A quel punto sarebbe stato davvero formidabile se il suo discorso si fosse concluso con l’esortazione a non considerare l’emergenza storica delle zoonosi o del surriscaldamento globale un brutto incidente, riconoscendo il ruolo che continueranno ad avere nelle nostre vite e nella necessità di spostare gli orizzonti della politica, ma non è andata così. Anzi, nonostante l’evidenza di un territorio che si era scoperto molto più vulnerabile di quanto non si potesse comprendere all’inizio del suo mandato, Bonaccini ha dichiarato che la sua regione, oggi, è «più forte di prima».

Ai paradossi di questo genere, di norma, giunge in soccorso l’idea che la forza stia proprio nel prendere atto di una debolezza, una morale del limite e della sua elaborazione che tutto sommato risulta davvero pertinente alla condizione terrestre. Ma non è questo il caso. Al contrario, se l’uomo di Bonaccini trova salvezza nella catastrofe è soltanto perché non deve cambiare nulla, appartenendo alla razza di quegli «emiliano-romagnoli che pur davanti a tragedie si sono rimboccati le maniche senza lamentarsi» e confermandosi il tipo che «nel momento in cui si rialza, si guarda indietro per vedere se c’è qualcuno cui tendere la mano».

Da indigeno e pronipote di indigeni non posso che sentirmi lusingato, allora, se non fosse che nel frattempo il negativo rimane sempre là fuori, dall’altra parte, a manifestarsi sottoforma di natura furibonda ma anche nella scoperta di un limite che dovrà eventualmente riguardare, se proprio, la gente di Lucca o di Cremona.

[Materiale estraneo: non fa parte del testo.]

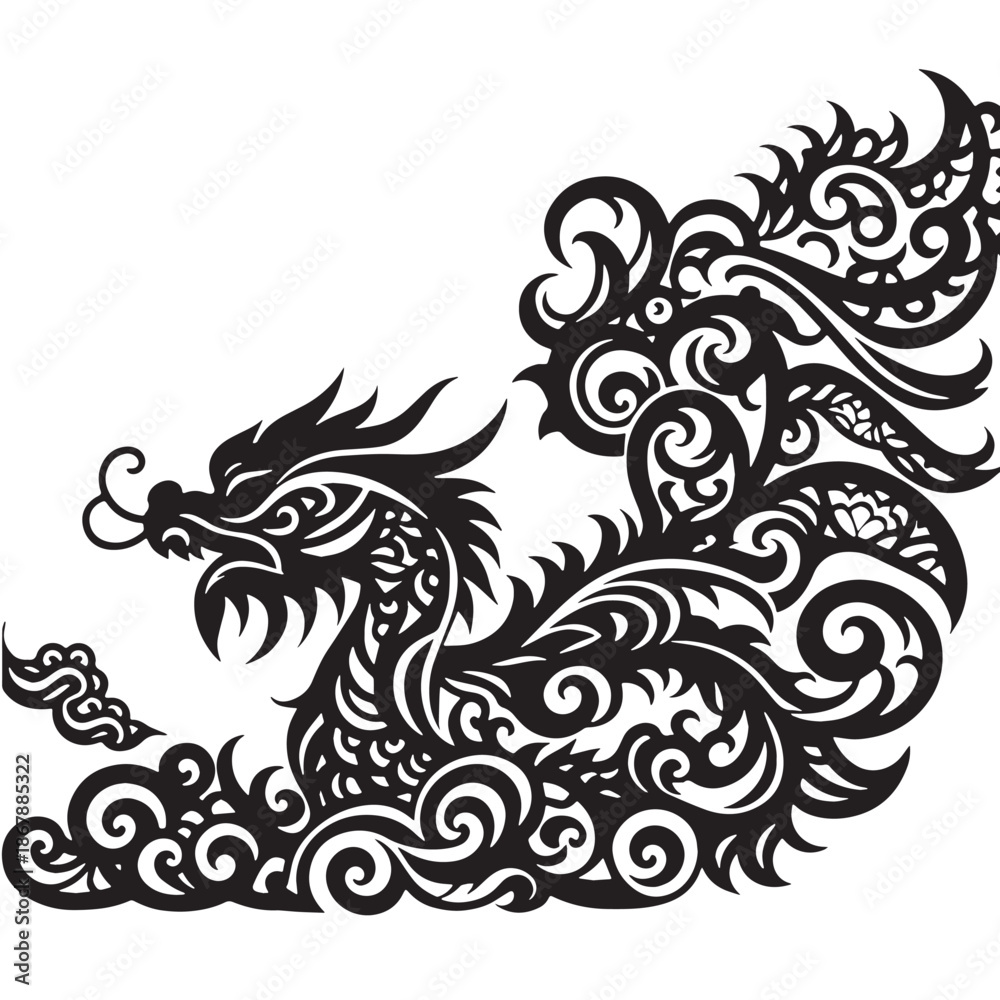 Fototapeta premium Black Paper-Cut Style (Jianzhi) Silhouette Vector, High Quality Illustration on White Background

Avrà ragione chi dovesse replicare che si tratta soltanto di un discorso, ma la logica che sottende va ben oltre. Oltre le parole di Bonaccini e il caso specifico dell’Emilia-Romagna, per estendersi al carattere intimamente palliativo che tende ad assumere la politica nei tempi eccezionali in cui viviamo. Perché sono tempi che comporterebbero l’esplicitazione e la condivisione di un lutto, anche letterale, laddove i decisori si direbbero incapaci di rinunciare alla postura del Dottor Pangloss e alla pessima abitudine di ripetere che quello dovuto ai loro provvedimenti, alla fine, risulta il migliore dei mondi possibili. Più forte di prima, appunto, anche se certamente esposto a una serie di minacce sempre più inaudite che si potranno soltanto aggravare mimetizzando la loro portata nella manutenzione dell’esistente.